The high availability setup for SAP HANA leveraging System Replication enables automated failover between the primary and secondary instances. Both instances are configured within a Pacemaker cluster, which operates at the OS level and integrates with the SAP HANA database through specialized hooks. This clustering solution continuously monitors the system and initiates automatic failover when needed. As a result, recovery can typically be achieved within minutes or even faster.

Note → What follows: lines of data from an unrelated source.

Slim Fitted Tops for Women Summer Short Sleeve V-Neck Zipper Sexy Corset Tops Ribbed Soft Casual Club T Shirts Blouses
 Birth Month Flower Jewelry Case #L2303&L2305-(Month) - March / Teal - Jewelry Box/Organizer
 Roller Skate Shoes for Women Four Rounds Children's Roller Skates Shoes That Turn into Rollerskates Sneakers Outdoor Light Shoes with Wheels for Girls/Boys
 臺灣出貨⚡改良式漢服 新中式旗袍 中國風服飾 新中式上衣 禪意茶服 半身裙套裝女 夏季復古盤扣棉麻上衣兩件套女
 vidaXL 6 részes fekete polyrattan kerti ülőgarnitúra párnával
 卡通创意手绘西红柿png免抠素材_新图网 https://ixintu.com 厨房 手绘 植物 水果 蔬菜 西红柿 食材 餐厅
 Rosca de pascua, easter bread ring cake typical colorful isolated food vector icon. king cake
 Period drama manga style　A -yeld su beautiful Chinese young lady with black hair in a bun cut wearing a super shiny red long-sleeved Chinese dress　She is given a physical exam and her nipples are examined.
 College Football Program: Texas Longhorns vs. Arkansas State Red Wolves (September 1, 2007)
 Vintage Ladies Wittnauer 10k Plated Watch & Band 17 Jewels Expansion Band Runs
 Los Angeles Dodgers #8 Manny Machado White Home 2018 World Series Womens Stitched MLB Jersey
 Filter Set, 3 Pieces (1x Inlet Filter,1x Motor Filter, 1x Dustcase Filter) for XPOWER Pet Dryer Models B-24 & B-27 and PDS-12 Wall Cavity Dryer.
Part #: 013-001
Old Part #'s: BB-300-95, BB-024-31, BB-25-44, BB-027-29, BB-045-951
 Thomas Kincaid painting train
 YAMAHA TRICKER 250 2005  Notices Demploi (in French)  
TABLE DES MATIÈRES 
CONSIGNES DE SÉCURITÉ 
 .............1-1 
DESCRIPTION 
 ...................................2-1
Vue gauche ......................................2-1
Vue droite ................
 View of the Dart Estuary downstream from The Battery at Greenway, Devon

The Pacemaker cluster leverages a virtual IP address to route traffic to the active SAP HANA master instance. During a failover event, this virtual IP is reassigned to the standby instance, which is then promoted to become the new primary. On AWS, an overlay IP address is utilized for network configuration—this virtual IP consistently points to the active SAP HANA node, regardless of whether it resides on the original primary or the secondary system.
Architecture patterns
AWS organizes its infrastructure into distinct geographic locations known as regions and subdivides them further into Availability Zones (AZs). Deploying across multiple Availability Zones within a Region enhances fault tolerance and helps maintain consistent performance by reducing the impact of localized failures.
In a single-Region, multi-AZ setup, the secondary SAP HANA system can be deployed in a separate Availability Zone from the primary system within the same Region. This configuration supports fast failover during planned maintenance, storage issues, or localized disruptions, ensuring higher availability and operational continuity.
In our project, we have configured Active/Passive secondary system with Performance Optimized Scenario. System replication restricts read access and SQL querying on the secondary system until a takeover occurs, switching the active role from the primary to the secondary system. The secondary functions as a hot standby using the log replay operation mode. In the event of a failure of the primary SAP HANA system on primary node — whether due to a node or database instance issue—the cluster initiates a takeover process. This approach enables the secondary node to utilize pre-loaded data, making takeover significantly faster than a full local restart.
System replication for the production database is managed using the SAP HANA and SAP HANA Topology resource agents. The level of automation can be controlled using the AUTOMATED_REGISTER parameter. When enabled, the cluster automatically registers the former primary node as the new secondary after a failover.